Once you get the hang of it, the game reveals itself to be a unique hybrid of styles and moods. For all its first-person urgency, it is ultimately a puzzle game. Realizing your objective on each of the games 650+ levels has as much in common with the fast and addictive logic of Tetris as it does with anything from the first-person 3D realm. Early levels are a sort of balancing act between energy and visibility. The higher you are, the greater each becomes. Later levels are more tactically interesting. You have to climb fast to knock out the clones first, but no sooner do you rear your head over the first peak than you're caught in something's deadly gaze. These levels require a sort of guerrilla approach in which you make multiple sudden rapid climbs from corners of the map (where you're less visible - it's simple trigonometry) to take out clones in short bursts before being seen.

Throughout the game, the sensation of being pursued is undeniably frightening. While you must think fast to survive, movement is always painfully slow and deliberate. This is to the game's credit. As in horror movies and nightmares, it is the inability of the pursued to move fast enough that makes the pursuer so terrifying. And the game's amazing soundtrack emphasizes this eerie, adrenal mood. It should come as no surprise, since much of it was provided by John Carpenter, who directed and scored Halloween, Escape from New York, and dozens of other classic science fiction and horror movies.

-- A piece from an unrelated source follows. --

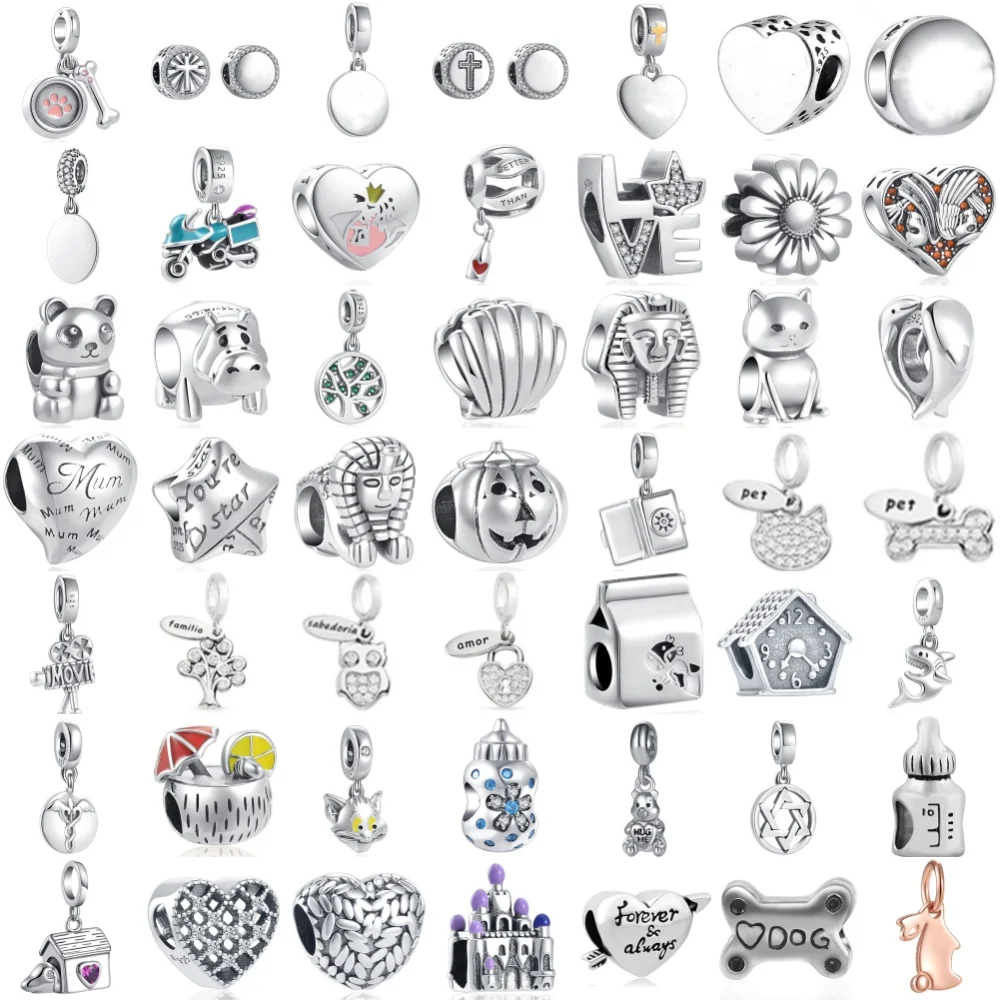 2026 Hot Selling 925 Silver,Heart-shaped,Shell,Bottle Bead Pendant,Original Bracelet DIY Accessory,Exquisite Charm Jewelry ﻿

There is a visual simplicity to Sentinel Returns that is both a strong point and a weakness. The world itself is breathtaking and eerie. The continually shifting otherworldly skies, the darkly ominous peaks, metallic trees, and the ever-looming Sentinel itself are awe-inspiring and terrifying. Yet, at a design level, the game chalks a lot up to surrealism as an excuse for not creating any kind of palpable reality to play in. What exactly are those featureless pylons? Why are they called "trees" at all? Why do you create them at will? It's all swirly backgrounds, checkerboard surfaces, and geometric shapes. It's not that I'm unwilling to stretch my imagination. It's just that the relationship between the game's visuals and play mechanics and any kind of objective concept is so abstract that sometimes it feels like you're playing a beta. This doesn't rob the game of its catchiness or its sense of urgency. It's just that every once in a while, in between levels while you're catching your breath, you'll ask yourself again, "What the heck is this game?"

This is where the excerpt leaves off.